## SOURCE MATERIAL
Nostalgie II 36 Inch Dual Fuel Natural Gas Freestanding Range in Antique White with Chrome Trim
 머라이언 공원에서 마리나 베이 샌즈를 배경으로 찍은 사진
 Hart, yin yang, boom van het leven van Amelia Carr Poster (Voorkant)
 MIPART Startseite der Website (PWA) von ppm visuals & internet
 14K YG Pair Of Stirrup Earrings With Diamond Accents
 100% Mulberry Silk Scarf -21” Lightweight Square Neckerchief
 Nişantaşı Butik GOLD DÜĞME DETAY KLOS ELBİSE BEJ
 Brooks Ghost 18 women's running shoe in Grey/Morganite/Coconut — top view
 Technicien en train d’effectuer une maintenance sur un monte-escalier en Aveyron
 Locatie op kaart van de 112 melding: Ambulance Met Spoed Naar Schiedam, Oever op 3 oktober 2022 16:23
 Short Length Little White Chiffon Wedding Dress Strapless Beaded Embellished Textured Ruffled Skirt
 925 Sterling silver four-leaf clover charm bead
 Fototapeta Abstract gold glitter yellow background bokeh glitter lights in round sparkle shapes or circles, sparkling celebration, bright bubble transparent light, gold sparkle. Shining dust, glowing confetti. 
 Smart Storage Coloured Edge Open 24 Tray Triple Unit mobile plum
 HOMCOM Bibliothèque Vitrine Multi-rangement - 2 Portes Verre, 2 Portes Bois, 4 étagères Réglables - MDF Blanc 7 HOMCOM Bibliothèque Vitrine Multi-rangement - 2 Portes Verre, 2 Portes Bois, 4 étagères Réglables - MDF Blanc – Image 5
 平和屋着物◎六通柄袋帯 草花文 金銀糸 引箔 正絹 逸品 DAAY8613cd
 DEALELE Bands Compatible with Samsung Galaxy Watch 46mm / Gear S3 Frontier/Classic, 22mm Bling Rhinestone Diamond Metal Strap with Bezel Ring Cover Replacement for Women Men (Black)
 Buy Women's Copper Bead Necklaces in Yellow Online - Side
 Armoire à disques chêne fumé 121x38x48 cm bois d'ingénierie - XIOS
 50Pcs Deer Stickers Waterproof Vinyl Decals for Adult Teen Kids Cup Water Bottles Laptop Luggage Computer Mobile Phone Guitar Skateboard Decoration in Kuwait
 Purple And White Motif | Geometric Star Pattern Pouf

## WHAT NEEDS TO BE DONE
Please print the material again in full, exactly as it is.

## EXERCISE ANSWER
Nostalgie II 36 Inch Dual Fuel Natural Gas Freestanding Range in Antique White with Chrome Trim
 머라이언 공원에서 마리나 베이 샌즈를 배경으로 찍은 사진
 Hart, yin yang, boom van het leven van Amelia Carr Poster (Voorkant)
 MIPART Startseite der Website (PWA) von ppm visuals & internet
 14K YG Pair Of Stirrup Earrings With Diamond Accents
 100% Mulberry Silk Scarf -21” Lightweight Square Neckerchief
 Nişantaşı Butik GOLD DÜĞME DETAY KLOS ELBİSE BEJ
 Brooks Ghost 18 women's running shoe in Grey/Morganite/Coconut — top view
 Technicien en train d’effectuer une maintenance sur un monte-escalier en Aveyron
 Locatie op kaart van de 112 melding: Ambulance Met Spoed Naar Schiedam, Oever op 3 oktober 2022 16:23
 Short Length Little White Chiffon Wedding Dress Strapless Beaded Embellished Textured Ruffled Skirt
 925 Sterling silver four-leaf clover charm bead
 Fototapeta Abstract gold glitter yellow background bokeh glitter lights in round sparkle shapes or circles, sparkling celebration, bright bubble transparent light, gold sparkle. Shining dust, glowing confetti. 
 Smart Storage Coloured Edge Open 24 Tray Triple Unit mobile plum
 HOMCOM Bibliothèque Vitrine Multi-rangement - 2 Portes Verre, 2 Portes Bois, 4 étagères Réglables - MDF Blanc 7 HOMCOM Bibliothèque Vitrine Multi-rangement - 2 Portes Verre, 2 Portes Bois, 4 étagères Réglables - MDF Blanc – Image 5
 平和屋着物◎六通柄袋帯 草花文 金銀糸 引箔 正絹 逸品 DAAY8613cd
 DEALELE Bands Compatible with Samsung Galaxy Watch 46mm / Gear S3 Frontier/Classic, 22mm Bling Rhinestone Diamond Metal Strap with Bezel Ring Cover Replacement for Women Men (Black)
 Buy Women's Copper Bead Necklaces in Yellow Online - Side
 Armoire à disques chêne fumé 121x38x48 cm bois d'ingénierie - XIOS
 50Pcs Deer Stickers Waterproof Vinyl Decals for Adult Teen Kids Cup Water Bottles Laptop Luggage Computer Mobile Phone Guitar Skateboard Decoration in Kuwait
 Purple And White Motif | Geometric Star Pattern Pouf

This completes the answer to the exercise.